Prepare your 1/2 batch of my caramel filling as directed in my original recipe HERE and following the tips in this post to thicken it. Then set aside
Add your dough's dry ingredients to a food processor and grind until everything is a fine powder (if you do not have a food processor you can definitely still make this recipe, your dough may just be a bit more textured)
Next add in chunks of butter (roughly chopped, doesn’t have to perfect) and pulse a few times until the butter chunks are a bit smaller and coated with flour but still visible. (again doesn’t have to be perfect, if you don’t have a food processor, grate the cold butter into your dry ingredients and gently mix until it's coated).
Dump this mixture into a bowl and add your cold water and egg white. Mix with a spoon until a rough dough forms.(your dough should be wet enough to push the dough together and form somewhat of a ball but not to the point were it sticks to your hands, so add more water only if needed)
Press the dough together and knead it just a couple times until it starts to stick together (you don’t want the butter chunks blended in but you also want the dough to hold together without crumbling and to have a smoother surface). (If using grated butter you likely won't want to knead the dough much because the butter is already in such small pieces and can easily melt).
Press the dough into a rough ball shape, wrap it in Saran Wrap and place in the fridge for 30min.
Next unwrap your dough and roll it out flat between two sheets of greased parchment paper. (Flour your parchment and rolling pin lightly with coconut flour as needed).

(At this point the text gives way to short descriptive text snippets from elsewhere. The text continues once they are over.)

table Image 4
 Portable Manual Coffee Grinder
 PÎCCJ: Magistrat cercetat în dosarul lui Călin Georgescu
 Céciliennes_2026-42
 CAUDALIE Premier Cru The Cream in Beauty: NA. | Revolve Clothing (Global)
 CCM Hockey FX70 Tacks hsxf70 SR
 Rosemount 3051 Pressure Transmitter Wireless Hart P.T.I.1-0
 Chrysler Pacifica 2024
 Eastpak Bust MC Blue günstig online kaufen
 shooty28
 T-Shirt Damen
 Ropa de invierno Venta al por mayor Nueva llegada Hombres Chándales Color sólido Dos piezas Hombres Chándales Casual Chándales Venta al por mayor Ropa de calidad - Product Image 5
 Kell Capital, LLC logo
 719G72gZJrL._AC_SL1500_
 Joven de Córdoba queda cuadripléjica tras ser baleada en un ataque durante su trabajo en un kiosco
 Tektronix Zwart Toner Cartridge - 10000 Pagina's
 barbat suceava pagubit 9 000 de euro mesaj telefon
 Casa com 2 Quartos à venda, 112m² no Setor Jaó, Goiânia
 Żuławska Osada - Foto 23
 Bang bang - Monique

Fold each side of the dough inward (see photo), then turn the dough 90* and roll it out flat, squishing down the folded layers you just made. Then once again, fold each side inwards, turn 90* and roll it out flat. You want to repeat this 4-5 times to ensure layers of butter are spread throughout the dough. It will start off very rough looking but don’t worry about that! Just push the rough edges in a bit and continue repeating the process until it looks more uniform. ( If at any time your dough feels warm, place it back in the fridge or freezer for a bit to get cold again. You don’t want your butter to melt).
After you’ve rolled the dough out 4-5 times following step 7, fold it once more, Saran Wrap it and place it back in the fridge for another 30min.
Keto Pastry Dough After Rolling Out 4-5 Times *
Pre-heat your oven to 400*F.
Roll the dough out again, it will be a bit thick at this point. I usually cut the dough in half and place half, wrapped, back in the fridge so I only have to work with one piece at a time. This makes rolling it thin much easier!
Form the dough into a rough rectangle as best as you can and then using a greased cup or cookie cutter, cut circles out of the dough. Repeat this process for your other half of your dough and re-roll or simply use your hands to form the last hand pie out of the scraps.
Place the finished circles of dough on a parchment lined baking sheet.
Mix your chopped apple with the cinnamon and half of your caramel mixture in a small bowl.
Place a spoonful of filling in the center of each half of a hand pie.
Top with the hand pies with their other piece of dough and use your fingers to close the edges together. Then repeat, going around the edges with a fork to seal everything in.
Brush the hand pies very lightly with a whisked egg mixed with 1/2 tbsp water.
Bake for ~18-21min. Cool for 5-10min then serve warm with the additional caramel sauce heated up and drizzled on top. Enjoy your Keto Caramel Apple Hand Pies!